Attorney General opinion clarifies closed session attendance under the Brown Act

On May 26, 2022, the Attorney General issued an opinion finding that individual legislative staffers of city councilmembers generally may not attend closed sessions of city councils and may not receive confidential information from those closed sessions. (Opinion No. 21-1102 (2022); 2022 WL 1814322.) While this opinion does not specifically refer to local educational agencies, it provides useful information about the individuals who may attend closed sessions of school district and county board of education meetings under the Brown Act. Importantly, the opinion provides a reminder that only individuals with a “qualifying role in the meeting” may attend closed sessions. Further, “their presence would undermine the Act’s rationale and transform the meeting into an unlawful semi-closed session.” Semi-closed sessions are not authorized by the Brown Act.

The Attorney General based its analysis on a test developed in prior Attorney General opinions, which analyzes who may be present in closed session and asks whether the individual has an “official or essential role” in the closed session. The rationale for the test is that having individuals present without an official or essential role would convert the closed session into a semi-closed session, which undermines the closed session’s purpose of ensuring confidentiality.

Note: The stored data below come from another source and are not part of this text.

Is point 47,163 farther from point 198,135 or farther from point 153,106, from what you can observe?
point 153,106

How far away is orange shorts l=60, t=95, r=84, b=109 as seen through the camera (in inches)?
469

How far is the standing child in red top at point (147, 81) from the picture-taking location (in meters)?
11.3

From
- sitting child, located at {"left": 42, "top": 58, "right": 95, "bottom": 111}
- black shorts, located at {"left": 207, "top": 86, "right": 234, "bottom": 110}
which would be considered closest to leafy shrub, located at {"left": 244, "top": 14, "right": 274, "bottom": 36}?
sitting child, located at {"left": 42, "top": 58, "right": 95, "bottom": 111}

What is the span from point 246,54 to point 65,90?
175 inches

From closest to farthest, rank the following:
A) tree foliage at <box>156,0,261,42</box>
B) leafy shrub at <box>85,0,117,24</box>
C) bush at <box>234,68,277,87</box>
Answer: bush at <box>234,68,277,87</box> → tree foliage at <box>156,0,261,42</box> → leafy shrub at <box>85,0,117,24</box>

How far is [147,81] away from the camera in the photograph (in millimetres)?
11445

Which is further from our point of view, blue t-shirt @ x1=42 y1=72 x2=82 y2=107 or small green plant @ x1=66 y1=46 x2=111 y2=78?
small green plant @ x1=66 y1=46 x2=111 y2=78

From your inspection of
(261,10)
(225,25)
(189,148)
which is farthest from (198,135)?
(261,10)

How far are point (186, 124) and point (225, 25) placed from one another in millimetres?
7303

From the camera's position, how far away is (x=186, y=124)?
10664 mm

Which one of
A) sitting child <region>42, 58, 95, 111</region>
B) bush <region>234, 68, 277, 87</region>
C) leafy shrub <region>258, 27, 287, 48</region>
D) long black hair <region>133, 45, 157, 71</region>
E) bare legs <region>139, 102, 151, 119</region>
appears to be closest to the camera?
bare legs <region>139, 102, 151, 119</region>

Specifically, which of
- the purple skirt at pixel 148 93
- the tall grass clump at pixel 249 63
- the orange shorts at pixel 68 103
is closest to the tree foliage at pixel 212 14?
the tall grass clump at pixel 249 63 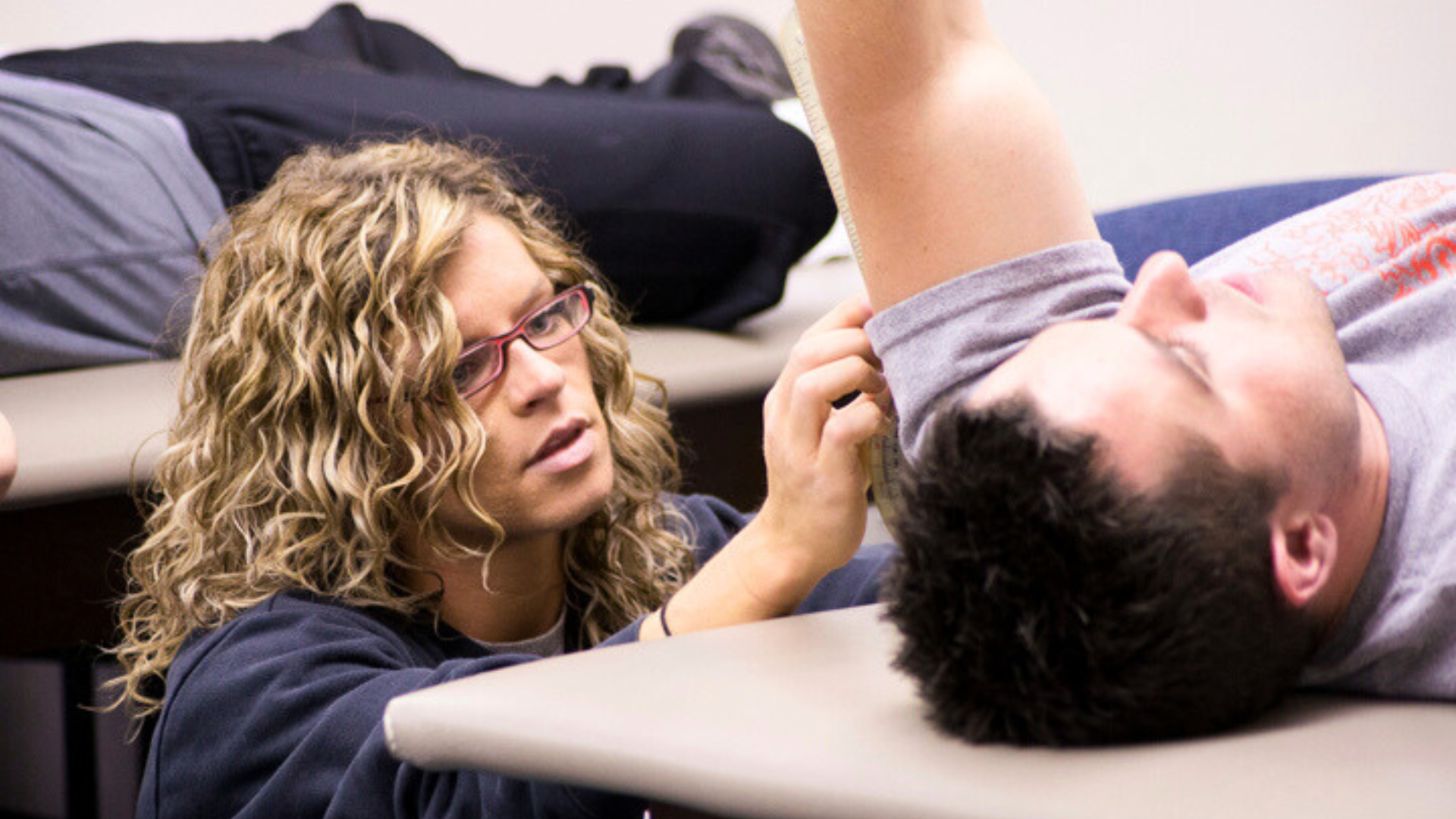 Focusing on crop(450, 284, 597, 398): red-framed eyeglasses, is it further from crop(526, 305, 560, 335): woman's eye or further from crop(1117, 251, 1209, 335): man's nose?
crop(1117, 251, 1209, 335): man's nose

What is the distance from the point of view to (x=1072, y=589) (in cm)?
56

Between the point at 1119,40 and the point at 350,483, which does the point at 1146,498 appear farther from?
the point at 1119,40

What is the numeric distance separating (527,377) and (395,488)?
126 millimetres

An individual has an “official” role in closed session if they are authorized by the Brown Act to attend closed session. For example, where a board is meeting in closed session to conference with legal counsel under one of the litigation exceptions, the board’s legal counsel must be present. Thus, legal counsel is an “official” individual in closed sessions for those purposes. The Attorney General opined that legislative staffers do not have an official role in closed session because neither the Brown Act nor any other statute, provides for their presence in closed session.

Other individuals without an “official” role may still attend closed session if they have an “essential” role in a board’s ability to conduct closed session business. An individual has an “essential” role if their attendance in closed session is necessary to the closed session business. The presence of an individual must confer more than a potential benefit to the closed session. Rather, “it must be essential to the particular business of the legislative body as a whole that provides the basis for closed session.” For example, the Attorney General previously held that a county retirement board could allow an applicant and their representative to attend a closed session if that attendance was necessary to make a determination as to the merits of the applicant’s disability retirement application.

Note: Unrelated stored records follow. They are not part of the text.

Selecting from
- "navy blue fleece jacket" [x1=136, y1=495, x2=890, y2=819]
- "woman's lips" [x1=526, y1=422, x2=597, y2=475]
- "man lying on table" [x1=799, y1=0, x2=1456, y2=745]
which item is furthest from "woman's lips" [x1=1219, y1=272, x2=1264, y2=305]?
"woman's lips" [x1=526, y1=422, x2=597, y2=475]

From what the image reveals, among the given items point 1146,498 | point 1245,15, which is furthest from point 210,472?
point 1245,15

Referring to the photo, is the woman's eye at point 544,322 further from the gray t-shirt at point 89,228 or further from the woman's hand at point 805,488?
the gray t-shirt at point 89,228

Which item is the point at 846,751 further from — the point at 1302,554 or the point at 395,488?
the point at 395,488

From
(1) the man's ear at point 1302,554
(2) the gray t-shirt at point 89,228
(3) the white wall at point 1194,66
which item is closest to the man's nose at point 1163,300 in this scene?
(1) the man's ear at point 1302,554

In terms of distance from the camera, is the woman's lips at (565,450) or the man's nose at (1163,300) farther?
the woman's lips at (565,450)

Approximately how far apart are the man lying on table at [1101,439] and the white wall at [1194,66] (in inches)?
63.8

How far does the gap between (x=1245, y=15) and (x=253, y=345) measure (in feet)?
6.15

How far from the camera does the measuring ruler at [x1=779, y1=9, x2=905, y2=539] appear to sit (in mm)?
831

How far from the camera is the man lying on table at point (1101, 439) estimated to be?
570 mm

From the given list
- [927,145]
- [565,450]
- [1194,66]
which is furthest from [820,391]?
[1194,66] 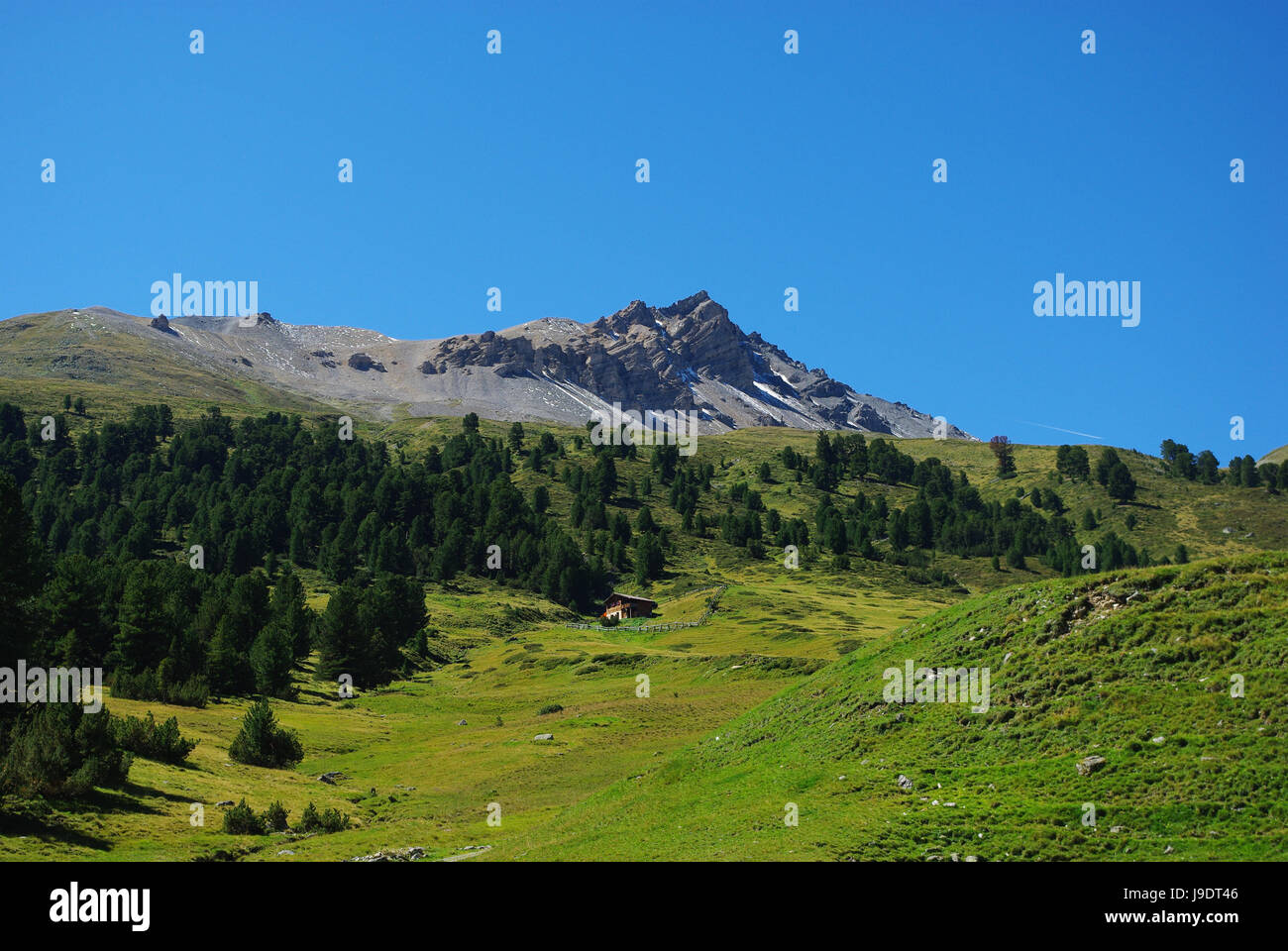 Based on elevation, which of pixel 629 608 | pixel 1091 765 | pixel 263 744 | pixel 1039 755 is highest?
pixel 1091 765

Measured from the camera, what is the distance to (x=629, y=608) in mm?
148875

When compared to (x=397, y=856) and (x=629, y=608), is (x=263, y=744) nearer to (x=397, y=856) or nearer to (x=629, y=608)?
(x=397, y=856)

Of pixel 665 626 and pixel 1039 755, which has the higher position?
pixel 1039 755

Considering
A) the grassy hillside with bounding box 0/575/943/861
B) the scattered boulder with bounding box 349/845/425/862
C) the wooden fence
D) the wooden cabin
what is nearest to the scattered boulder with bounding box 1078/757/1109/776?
the grassy hillside with bounding box 0/575/943/861

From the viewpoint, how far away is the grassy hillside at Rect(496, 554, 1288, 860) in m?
26.0

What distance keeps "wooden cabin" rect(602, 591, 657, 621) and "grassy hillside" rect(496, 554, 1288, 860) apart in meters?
106

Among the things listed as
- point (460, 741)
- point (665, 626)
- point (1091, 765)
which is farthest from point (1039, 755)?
point (665, 626)

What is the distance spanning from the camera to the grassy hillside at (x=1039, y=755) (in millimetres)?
25984

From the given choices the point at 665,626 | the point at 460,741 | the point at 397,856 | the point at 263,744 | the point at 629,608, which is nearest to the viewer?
the point at 397,856

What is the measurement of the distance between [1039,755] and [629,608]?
11955cm

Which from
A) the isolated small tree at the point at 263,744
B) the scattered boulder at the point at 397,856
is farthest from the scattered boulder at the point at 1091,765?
the isolated small tree at the point at 263,744

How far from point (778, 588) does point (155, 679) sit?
10505 centimetres

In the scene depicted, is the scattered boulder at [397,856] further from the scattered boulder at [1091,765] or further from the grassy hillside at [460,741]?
the scattered boulder at [1091,765] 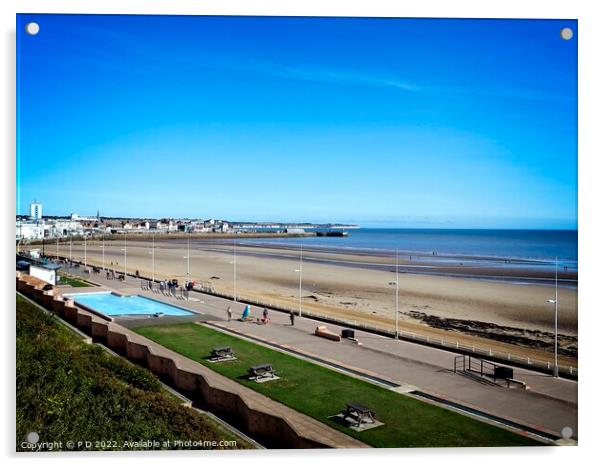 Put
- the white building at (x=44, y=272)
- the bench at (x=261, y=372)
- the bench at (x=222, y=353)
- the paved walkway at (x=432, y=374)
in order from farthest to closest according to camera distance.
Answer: the white building at (x=44, y=272)
the bench at (x=222, y=353)
the bench at (x=261, y=372)
the paved walkway at (x=432, y=374)

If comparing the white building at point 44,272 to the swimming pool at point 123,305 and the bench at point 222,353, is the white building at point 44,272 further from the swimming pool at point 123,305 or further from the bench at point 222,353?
the bench at point 222,353

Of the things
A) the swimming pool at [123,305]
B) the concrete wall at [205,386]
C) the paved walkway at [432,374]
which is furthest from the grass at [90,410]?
the swimming pool at [123,305]

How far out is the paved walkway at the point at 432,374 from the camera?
31.0 ft

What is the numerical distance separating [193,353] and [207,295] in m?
10.0

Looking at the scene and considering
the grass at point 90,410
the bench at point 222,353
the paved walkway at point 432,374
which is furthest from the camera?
the bench at point 222,353

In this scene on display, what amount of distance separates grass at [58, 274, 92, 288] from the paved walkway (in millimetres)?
7020

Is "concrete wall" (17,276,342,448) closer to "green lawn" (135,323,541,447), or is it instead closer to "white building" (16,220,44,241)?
"green lawn" (135,323,541,447)

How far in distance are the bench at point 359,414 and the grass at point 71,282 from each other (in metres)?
16.0

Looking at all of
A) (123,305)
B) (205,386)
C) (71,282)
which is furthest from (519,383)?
(71,282)

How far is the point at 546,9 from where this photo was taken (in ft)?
30.3

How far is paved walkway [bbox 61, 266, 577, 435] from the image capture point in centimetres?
945

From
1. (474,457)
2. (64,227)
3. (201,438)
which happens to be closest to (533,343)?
(474,457)

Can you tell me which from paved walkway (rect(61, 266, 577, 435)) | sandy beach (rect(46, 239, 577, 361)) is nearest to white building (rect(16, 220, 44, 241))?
paved walkway (rect(61, 266, 577, 435))

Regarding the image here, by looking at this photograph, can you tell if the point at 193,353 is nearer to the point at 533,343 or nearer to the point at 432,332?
the point at 432,332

The recent question posed to the Attorney General noted that the city council sought to have legislative staffers attend closed session for three reasons: (1) to take notes; (2) to administer the meeting; and (3) to provide relevant information to councilmembers. The Attorney General found that these purposes did not make the staffers “essential” to the closed session. The Attorney General first reviewed other cities for their practices and found that city councils in California typically do not have legislative staffers present in closed session, which suggested that their presence is not essential. Further, the council could assign a single employee to take notes in closed sessions and did not need assistance “administering” the meeting. As to the staffers providing information to councilmembers, the Attorney General stated that closed session exceptions are to be interpreted narrowly and that the ability of staffers to provide information to councilmembers “falls short of an ‘essential’ role in conducting the business of closed session.” The Attorney General noted that this was a general rule, and there could be a context in which a particular legislative staffer could be essential to a closed session. However, the essential nature of a legislative staffer would need to be determined on a case-by-case basis.

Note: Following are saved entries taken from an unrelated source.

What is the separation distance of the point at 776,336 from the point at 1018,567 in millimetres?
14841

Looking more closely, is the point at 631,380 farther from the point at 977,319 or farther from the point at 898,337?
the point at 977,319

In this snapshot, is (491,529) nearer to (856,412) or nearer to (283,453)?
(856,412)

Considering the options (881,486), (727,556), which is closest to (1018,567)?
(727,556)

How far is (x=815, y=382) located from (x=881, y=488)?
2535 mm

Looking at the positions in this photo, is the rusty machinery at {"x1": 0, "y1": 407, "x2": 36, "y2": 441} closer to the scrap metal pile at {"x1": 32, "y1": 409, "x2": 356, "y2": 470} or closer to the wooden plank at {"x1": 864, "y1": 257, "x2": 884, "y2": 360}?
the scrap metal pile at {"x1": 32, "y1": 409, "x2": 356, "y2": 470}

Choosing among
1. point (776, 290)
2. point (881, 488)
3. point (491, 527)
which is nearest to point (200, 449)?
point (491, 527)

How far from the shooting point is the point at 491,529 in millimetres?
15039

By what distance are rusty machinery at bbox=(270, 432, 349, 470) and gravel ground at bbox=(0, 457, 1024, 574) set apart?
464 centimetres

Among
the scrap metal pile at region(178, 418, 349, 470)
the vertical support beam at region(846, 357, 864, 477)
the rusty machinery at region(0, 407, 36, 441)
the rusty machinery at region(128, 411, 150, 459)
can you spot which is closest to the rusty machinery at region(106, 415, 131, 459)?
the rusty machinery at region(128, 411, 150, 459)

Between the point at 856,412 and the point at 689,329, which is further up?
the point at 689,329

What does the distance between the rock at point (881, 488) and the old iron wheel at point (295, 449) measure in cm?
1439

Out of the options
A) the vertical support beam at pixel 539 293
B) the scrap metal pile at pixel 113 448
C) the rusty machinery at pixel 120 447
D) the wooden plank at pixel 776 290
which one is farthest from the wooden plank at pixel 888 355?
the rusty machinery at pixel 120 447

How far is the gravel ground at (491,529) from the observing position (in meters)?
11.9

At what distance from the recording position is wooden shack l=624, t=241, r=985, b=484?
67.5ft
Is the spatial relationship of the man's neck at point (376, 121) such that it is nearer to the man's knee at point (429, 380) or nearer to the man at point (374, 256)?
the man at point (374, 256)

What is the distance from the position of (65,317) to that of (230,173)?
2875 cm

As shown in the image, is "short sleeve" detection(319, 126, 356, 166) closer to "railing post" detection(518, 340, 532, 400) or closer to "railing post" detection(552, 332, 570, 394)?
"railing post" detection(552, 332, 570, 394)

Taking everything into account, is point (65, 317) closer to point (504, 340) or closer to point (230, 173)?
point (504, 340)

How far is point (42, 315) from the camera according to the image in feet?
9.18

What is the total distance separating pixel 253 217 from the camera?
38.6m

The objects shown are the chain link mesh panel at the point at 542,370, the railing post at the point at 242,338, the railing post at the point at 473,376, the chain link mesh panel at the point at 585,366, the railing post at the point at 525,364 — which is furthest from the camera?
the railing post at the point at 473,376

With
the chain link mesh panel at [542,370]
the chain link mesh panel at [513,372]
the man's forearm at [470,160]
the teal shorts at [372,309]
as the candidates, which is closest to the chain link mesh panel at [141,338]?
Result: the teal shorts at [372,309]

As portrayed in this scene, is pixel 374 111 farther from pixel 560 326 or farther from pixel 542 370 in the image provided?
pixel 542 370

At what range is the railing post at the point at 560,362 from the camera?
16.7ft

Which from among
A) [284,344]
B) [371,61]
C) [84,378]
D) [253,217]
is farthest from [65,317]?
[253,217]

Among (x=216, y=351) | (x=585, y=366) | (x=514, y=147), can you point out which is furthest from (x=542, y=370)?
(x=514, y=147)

The Attorney General also opined that legislative staffers may not receive information from closed session as they are not authorized to attend closed session, unless the city council voted to approve sharing information out of closed session. Allowing the disclosure of closed session information would cause the confidentiality required by closed sessions to “evaporate.” In addition, on a separate question posed by the same requestor, the Attorney General also found that two legislative bodies under the Brown Act may hold a joint closed session so long as each legislative body qualifies under the same set of facts to hold a closed session under the Brown Act.